Alger : retour de pêche des chalutiers

-------Après une longue journée de chalutage par fonds de plus de deux cents mètres sur une zone à l'Ouest allant du Chenoua au Cap Caxine, la dernière calée mise à bord, les panneaux arrimés, filets bien amarrés au mât, rivalisant de vitesse, les chalutiers se hâtaient vers le port passant devant la colline de Notre Dame d'Afrique, escortés de nuées de mouettes affamées, poussant leurs cris aigus, virevoltant, plongeant sur le moindre déchet évacué par les sabords, sous la pression des manches à eau.

-------Après avoir doublé le " Kassour " et la longue jetée Nord, les bateaux franchissaient la passe se dirigeant vers le môle de pêche du quai Jérôme Tarting. Ces arrivées étaient toujours un beau spectacle. Spectacle qui enchantait les nombreux algérois se pressant sur le boulevard dominant la pêcherie ainsi que la foule de curieux et de professionnels qui attendaient sur le quai.

-------Dès l'accostage, aussières engagées sur les bollards, les commis et les portefaix du mandataire arrivaient avec des longs charretons sans ridelle à roues ferrées, pour procéder au déchargement du produit de la pêche sous le regard de l'armateur ou de son représentant, toujours présent. Bien rangés contre le plat bord, les casiers de poissons passaient de bras en bras depuis le bord, aussitôt saisis et empilés avec précaution sur les charretons. Alors, sous les yeux admiratifs des curieux, défilait toute la variété de poissons de " chez nous ".

-------D'abord parfaitement triés, impeccablement présentés, bien " acabés " par catégories, les poissons " nobles " : rougets barbets, ouïes frémissantes, dorades, pageots marbrés, loups étincelants appelés aussi bars, soles et turbots, gros merlans aux reflets brillants, rascasses, vives appelées araignées de mer, grondins majestueux, tous, poissons rois d'une bonne bouillabaisse, baudroie ou lotte à large gueule, que les pêcheurs espagnols désignent du nom de " bocca dé rappa " suivis des poissons de catégories différentes comme les sépias ou seiches et aussi les petits supions si délicieux cuisinés avec son encre, les raies de toutes sortes, les gros poulpes, encore vivants qui tentent de s'échapper du casier, le chien de mer ou émisole royal et ses petits catarelles ou roussettes.

-------Puis arrivent les casiers de " mouraille " le vrac : maquereaux, galinettes, sars, saourels, saupes ou tchelbas appelés poissons juifs par les algérois, bogues, murènes, congres et bien d'autres. Certains jours, s'ajoutent sur le haut de la pile, les casiers de " grosses pièces " ombrines aux riches écailles, mérous ou mérots, ventrus teintés d'arc en ciel et parfois, de belles langoustes antennes dressées !

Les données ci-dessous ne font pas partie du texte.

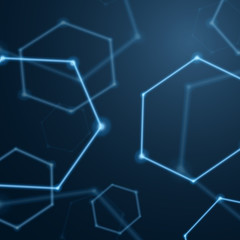 Abstract hexagon background, molecular sci fi scientific design. Graphic concept for your design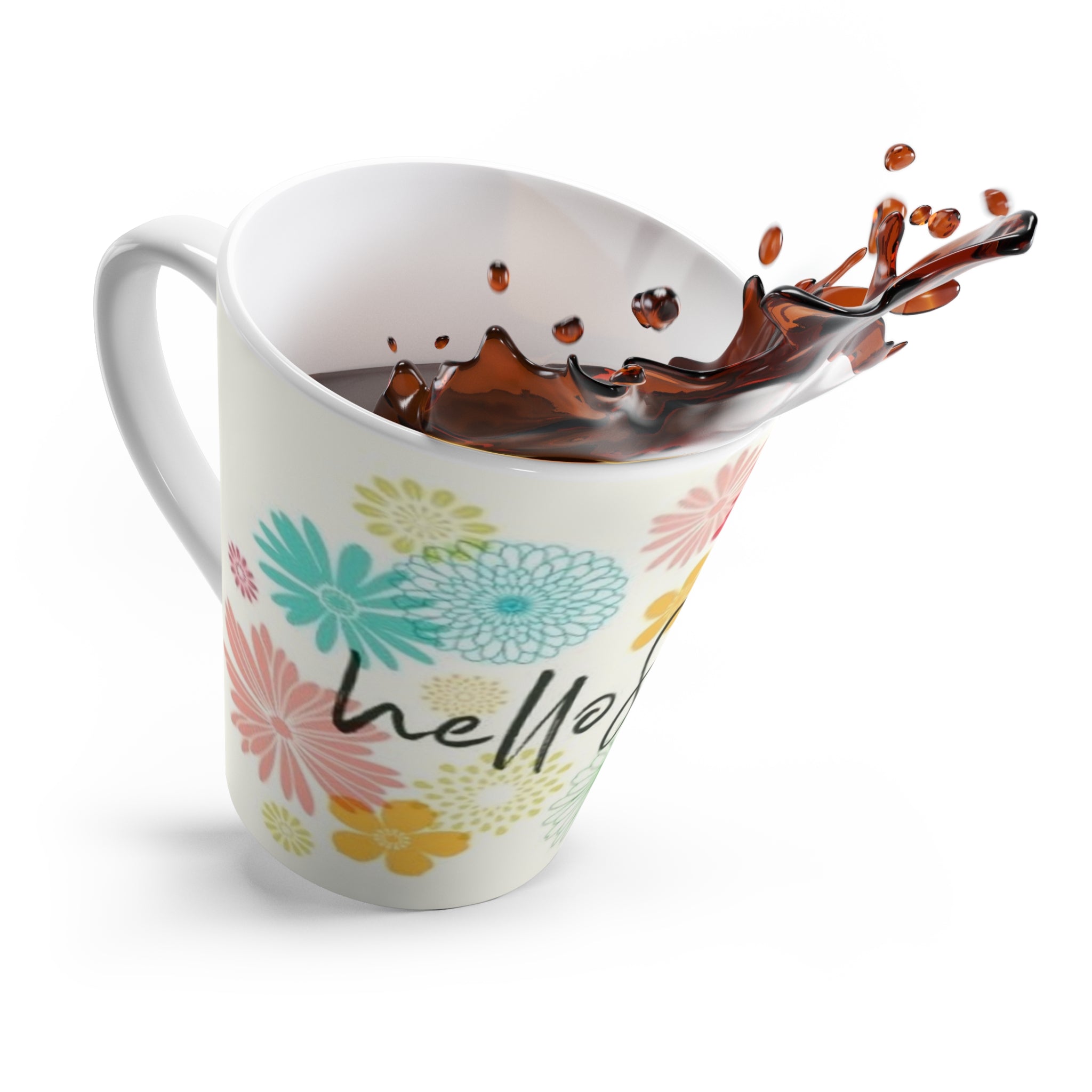 Hello Spring Latte Mug — Floral Pastel Coffee Cup, Garden-Inspired Gift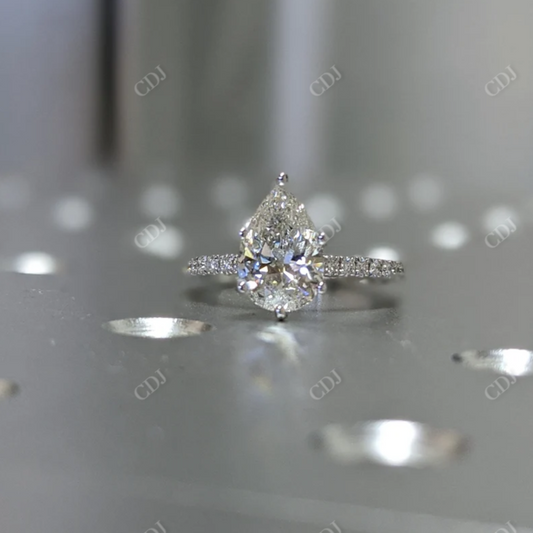1.25CT Pear Moissanite Diamond Wedding Ring  customdiamjewel 10KT White Gold VVS-EF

-------Mais pour couronner le tout, les casiers de grosses crevettes rouges pêchées au large de Castiglione, ainsi que les belles crevettes blanches tant recherchées le samedi par les amateurs de pêche à la ligne. Belles et grosses, crevettes rouges de nos grands fonds. Récompense des recherches de nos anciens maîtres de pêche. De tailles et de teintes différentes selon leurs provenances d'Alger, d'Oran, de Mostaganem, Arzew, Bougie ou Philippeville. Désignées souvent à tort sous le nom de " gambas " à ne pas confondre avec la " caramote " ou bien le " matsagoune "des Bônois, que l'on pêche en abondance à l'embouchure de la Seybouse à Bône.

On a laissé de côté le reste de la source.